Bokep startled awake after hearing the sounds of gunfire down the hallway in his hab-plex. Throwing some basic clothing on, he undid the makeshift lock on his family’s apartment’s front door and peeked his head out to see a Euruskan infantry unit fire into another room. The sounds of screaming and pleading ended as the brass hit the floor. Quickly darting inside, he shook awake his mother and father.
“Mom, Dad? We have to go, the soldiers are here!”, He said in a fearful voice.
Soldiers only came down here for two reasons, extermination, or conscription. Bokep’s parent, in partucular his father, gathered themselves and hurriedly tried to get on what clothing they could that would allow them to survive the elements and headed for the door. As they threw open the rusted iron slab, Bokep looked down the hall once again and saw the soldiers approaching.
“Hey you! Put your hands up and get out of the apartment.”, the leading soldier said pointing his rifle at Bokep, its laser-sight squarely center mass.
“Woah, woah, woah, okay.”, Bokep replied putting his hands up and walking into the narrow hallway, the smell of blood and gunpowder was strong. Given the fact he was still alive, Bokep reasoned this was a conscription unit.
“Are you alone?”, the soldier barked.
“I-no… I’m with my family, mother and father, neither military-aged.”, Bokep said, trying to prevent whatever other reasoning or mission the men from hurting his parents.
His parent tried to plead with the soldiers to not take him, but automatic weapons made resistance futile. Bokep was quickly hand-cuffed and pushed into a BTR alongside several other newly conscripted recruits. Some men, others women; about a 50-50 split. Most of them were his own age, likely early twenties at the oldest. The youngest he saw was maybe fifteen. There were two soldiers in the back with them. They appeared to be older, likely home-guard who either didn’t make the cut for frontline service, or were being rotated back for reinforcement… how lucky; now instead of killing Europans, they got to kill their own. It didn’t matter if they, or the enemy fired the bullet, conscription meant death. Even if you were told it was only for a year or two, most rarely survived their first operation, at least in the infantry.
“Who knows, maybe we’ll be the lucky ones. I heard they’re raising new tank brigades, maybe they’ll make us tankers.”, came one conscript. Several others including the soldiers shot him glances, some threatening, others just annoyed at his existence. Regardless, no one spoke for the rest of the ride.
\___Episode Two___/
After what felt like a few hours, the BTR came to a sudden stop, sending a few conscripts into one another on account of their inability to use their arms in their restrained state. There was a short pause before the side hatch was thrown open from the outside and Bokep was dragged out of the cramped compartment, driving his shin into the metal door frame and practically face-planting into the pavement below it. Being dragged to his feet, Bokep had to squint to see just about anything.
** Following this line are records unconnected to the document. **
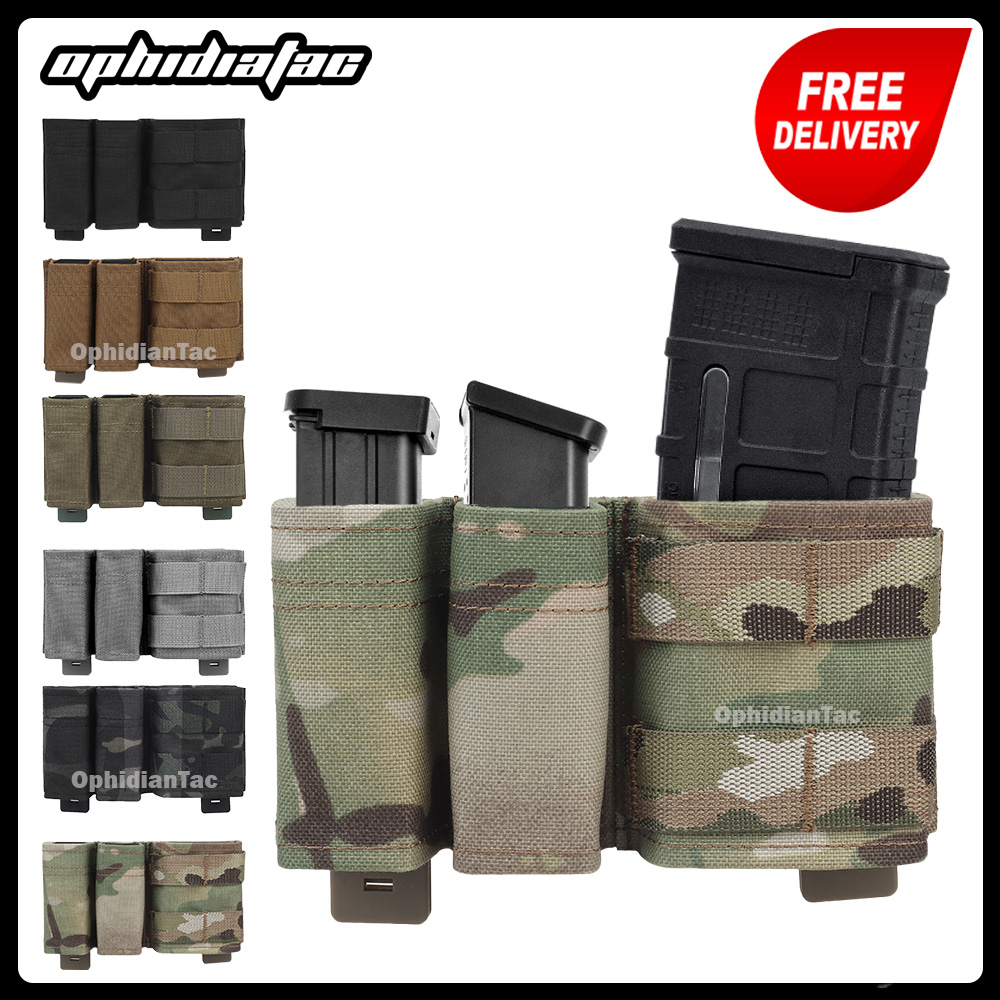 Kantung sampah ganda, sarung s - Molle Mag Pouch Double Magazine 5.56 9Mm ulasan dan harga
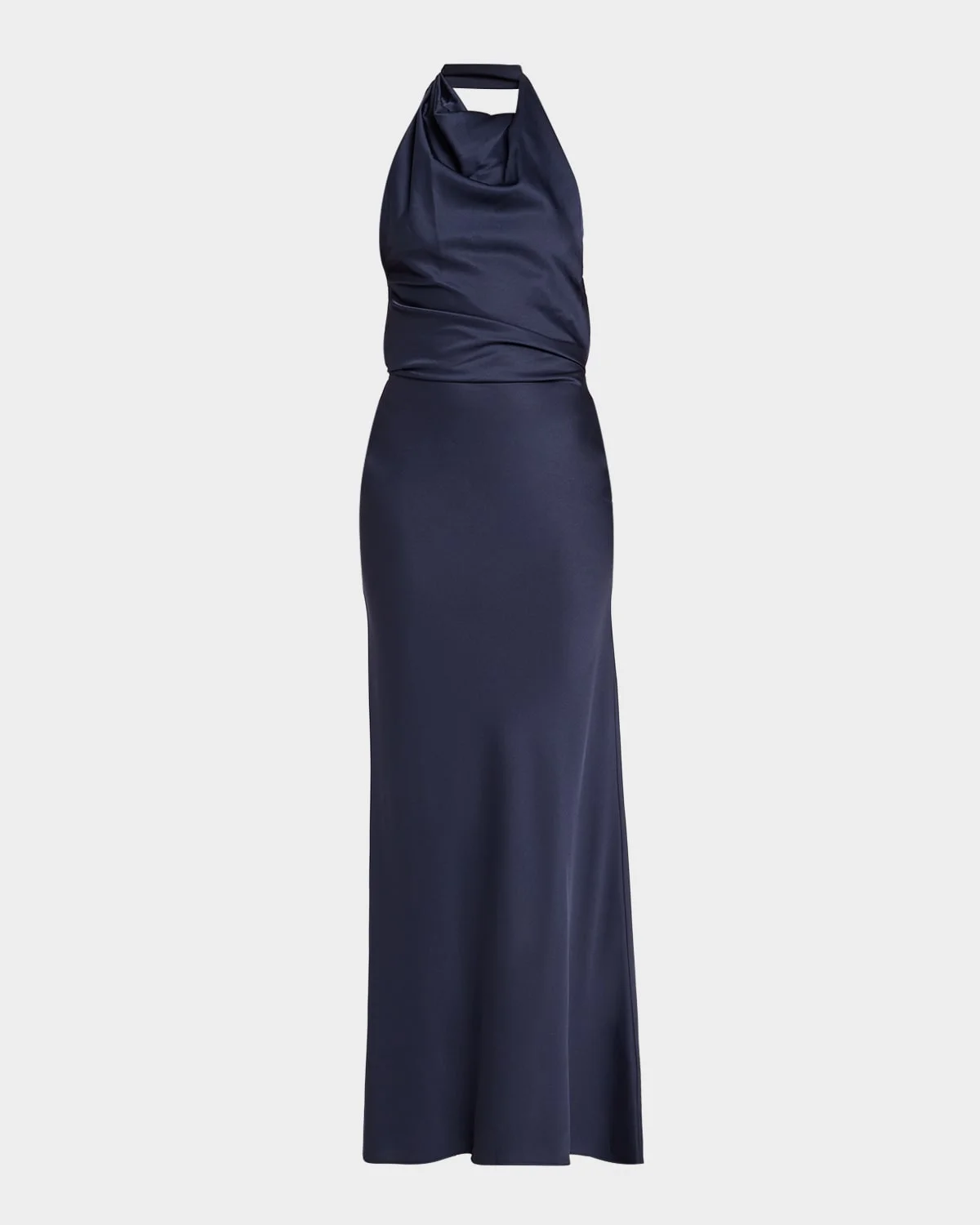 Reannon Draped Satin Gown - 1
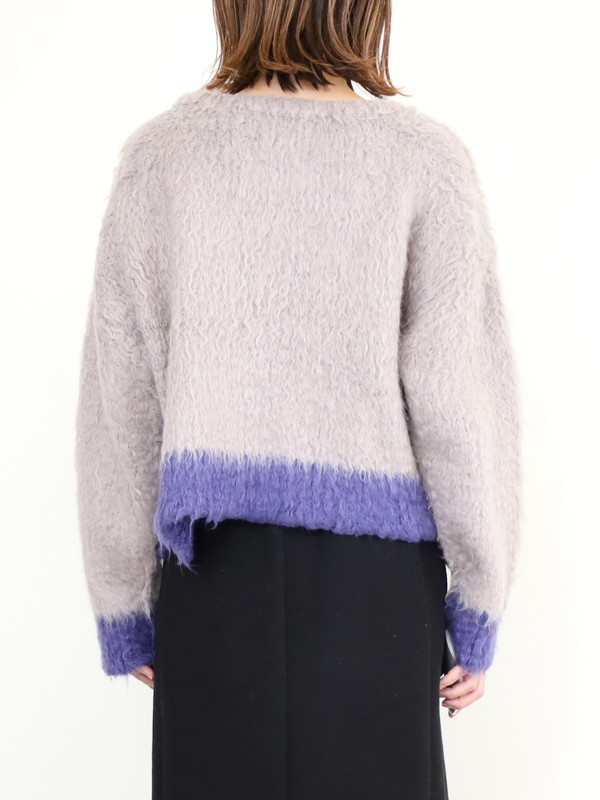 【CYAN TOKYO】配色カーリーショートニット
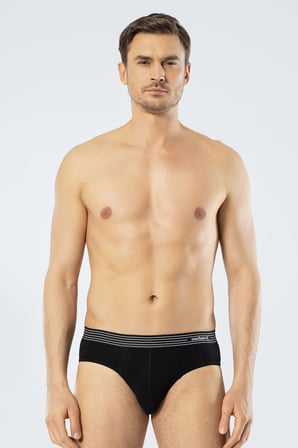 Cacharel Erkek 3'lü Slip 1321/Beyaz-Siyah-Gri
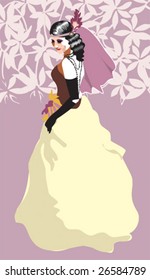 retro bride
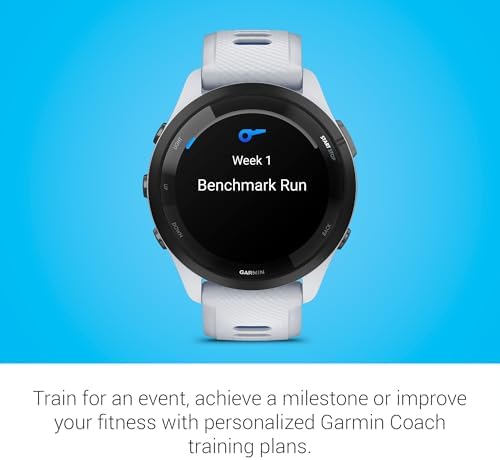 Garmin Forerunner 265 Running Smartwatch  Colorful AMOLED Display  Training Metrics and Recovery Insights  Aqua and Black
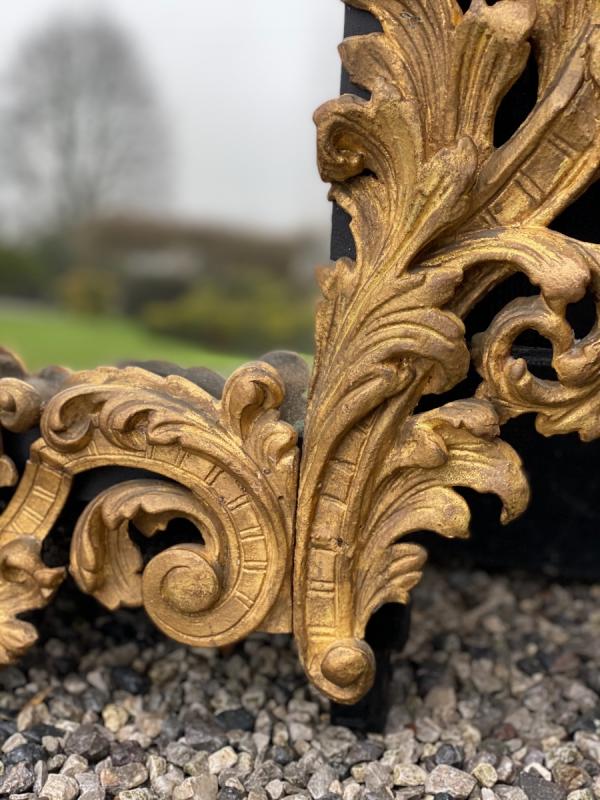 Frame In Carved Wood And Golden Early 18th Century On A Mirror Circa 1900 92x137cm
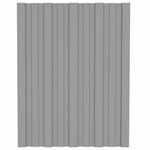 ZNTS Roof Panels 36 pcs Galvanised Steel Grey 60x45 cm 317190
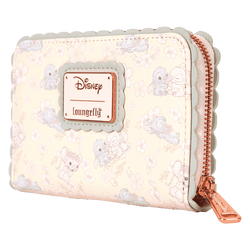 Loungefly Stitch & Angel Cherry Blossom All-Over Print Zip Around Wallet (Online Order Only)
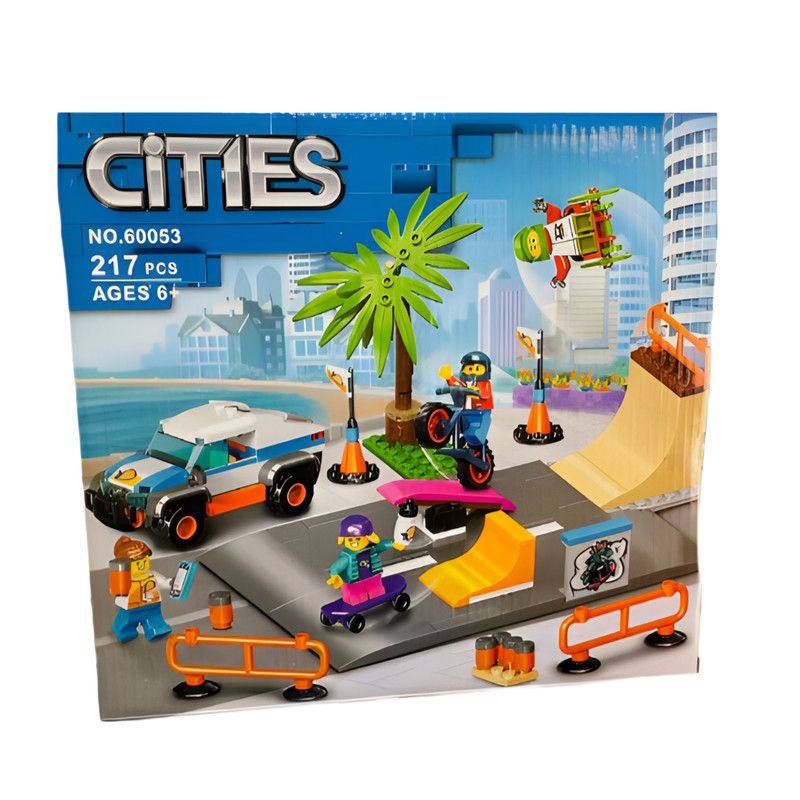 ساختنی مدل Cities طرح پارک اسکیت برد کد 60053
There were numerous floodlights pointed at the convoy as it make a half-circle around the entrance to a Euruskan Military Base. There were an assortment of soldiers in full tactical gear ordering Bokep’s fellow conscripts around; several Ka-52 helicopters flew overhead, their own search lights adding to the ongoing assault on Bokep’s vision. The recruits were taken first to a station where blood samples, finger-prints and names were logged, then they were each given buzz-cuts and subjected to a mix of chemical and other liquid “hose-downs”. There was one man who tried running, fully nude. He had hardly made is fifteen meters before he was gunned down by a BTR gunner. After seeing yet another summary execution, Bokep was taken to a medical room where he was given a general exam and inoculated for several biological weapon agent, alongside half-a-dozen vaccines; the last of which being particularly painful. It was only after all of this, and once the sun had begun to rise, turning the pitch-dark sky into a gray overcast, that Bokep was given a set of cloths and placed inside a barracks. There were no lights, but there was enough natural light from the few small windows to allow Bokep to find an unclaimed cot and fall asleep.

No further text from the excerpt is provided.